*** INPUT DATA ***

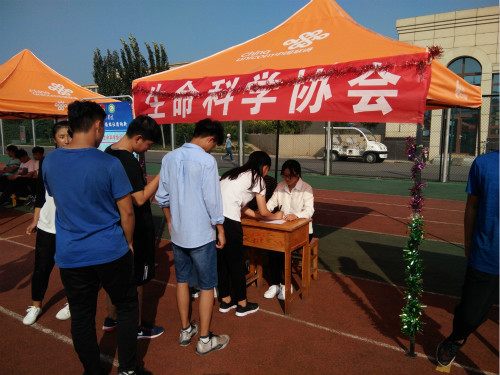 BB电子游戏官网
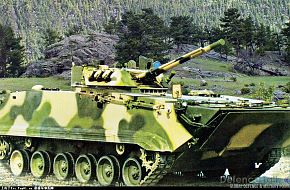 ZBD 97 IFV  - Peopleâs Liberation Army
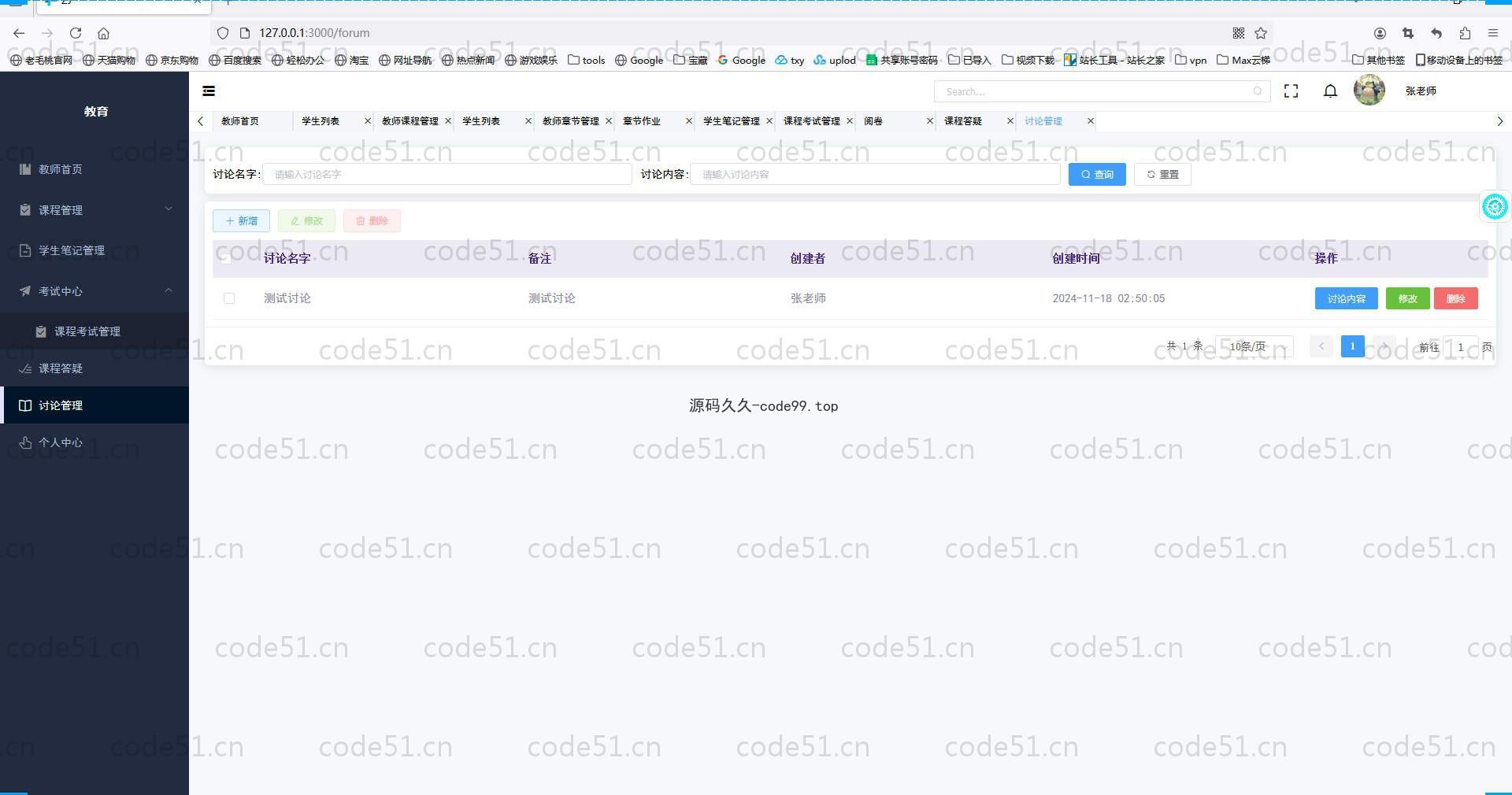 基于SpringBoot+MySQL+Vue.js的在线课程学习系统(附论文)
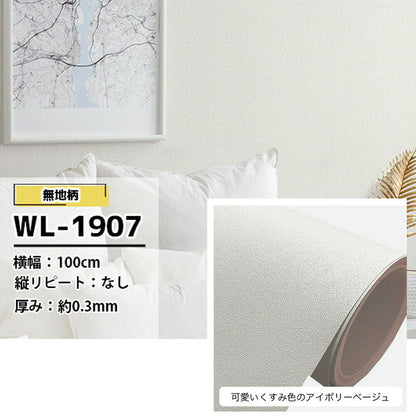 【くすみ無地カラー壁紙 幅100cm】 厚手 おしゃれ 貼って剥がせる壁紙 おすすめ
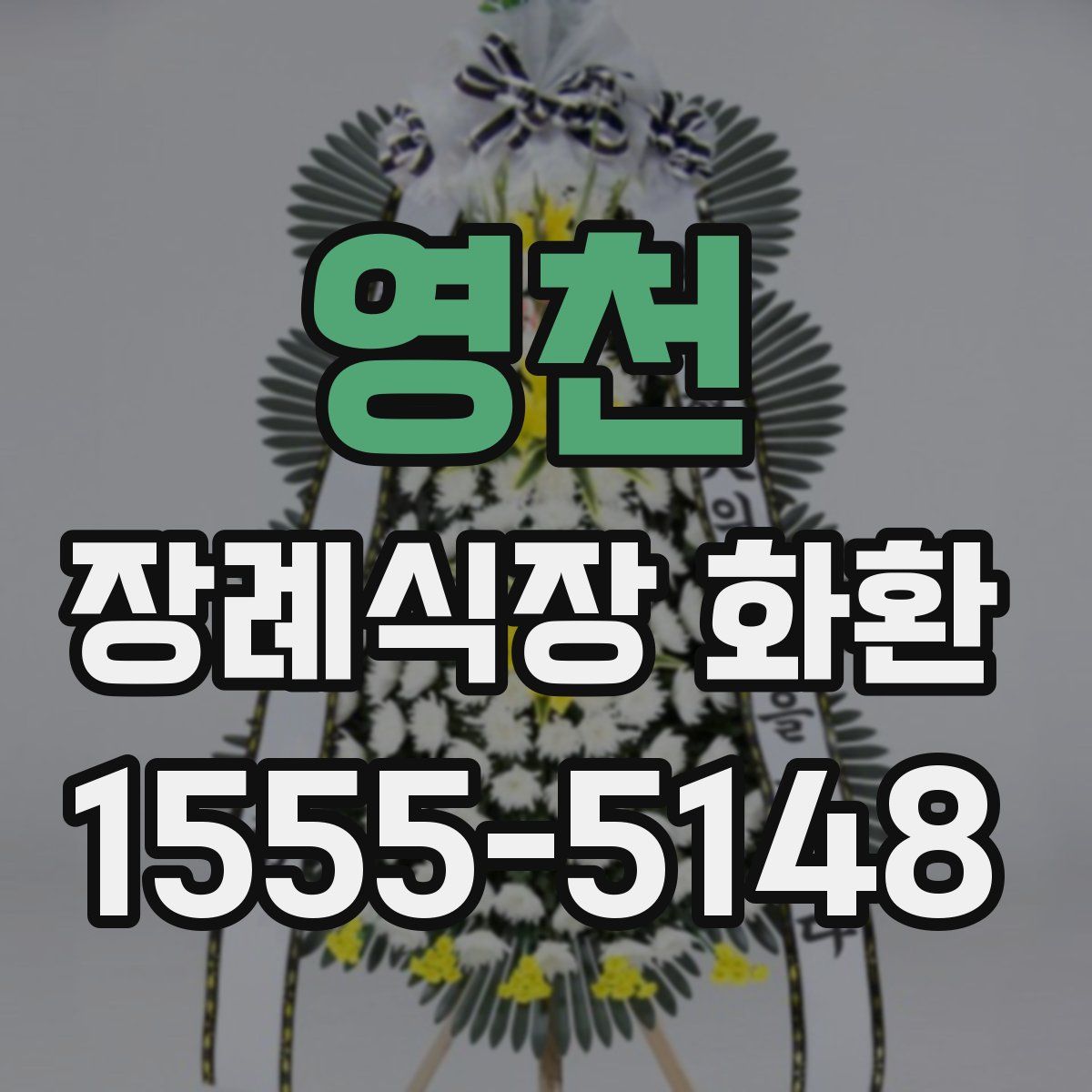 영천 장례식장 화환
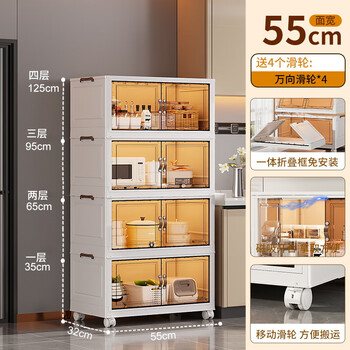 Lazy space installation-free small cupboard kitchen storage rack dish rack tableware storage cabinet kitchen utensils dust-proof load-bearing worry-free 55cm four layers - universal wheel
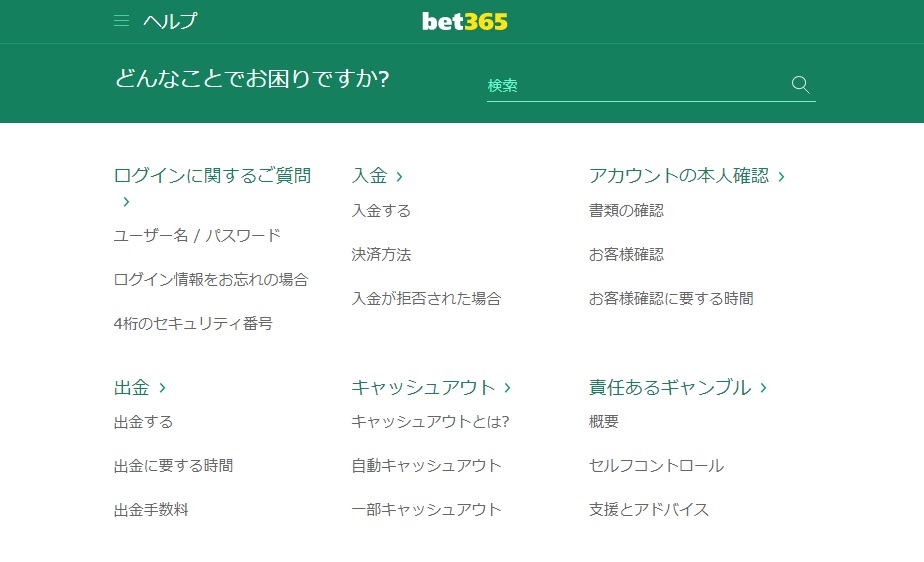 bet365カスタマーサポート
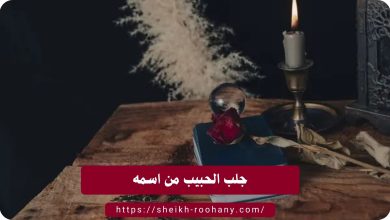 جلب الحبيب من اسمه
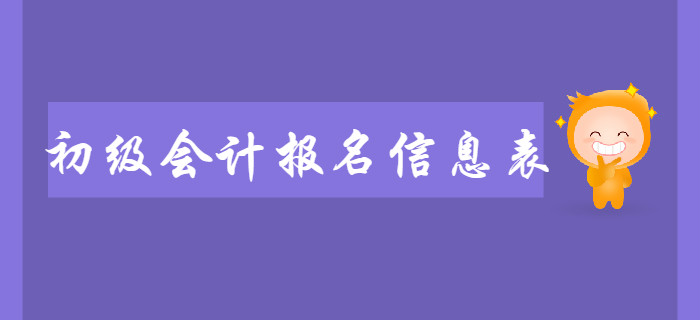 初級會計報名信息表需要打印嗎？不打印是否會影響2020年考試？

*** End of INPUT DATA ***

WHAT YOU NEED TO DO: Write out the listing above exactly as it stands, pictures excluded.

REPLY:
 BB电子游戏官网
 ZBD 97 IFV  - Peopleâs Liberation Army
 基于SpringBoot+MySQL+Vue.js的在线课程学习系统(附论文)
 【くすみ無地カラー壁紙 幅100cm】 厚手 おしゃれ 貼って剥がせる壁紙 おすすめ
 영천 장례식장 화환
 Lazy space installation-free small cupboard kitchen storage rack dish rack tableware storage cabinet kitchen utensils dust-proof load-bearing worry-free 55cm four layers - universal wheel
 bet365カスタマーサポート
 جلب الحبيب من اسمه
 初級會計報名信息表需要打印嗎？不打印是否會影響2020年考試？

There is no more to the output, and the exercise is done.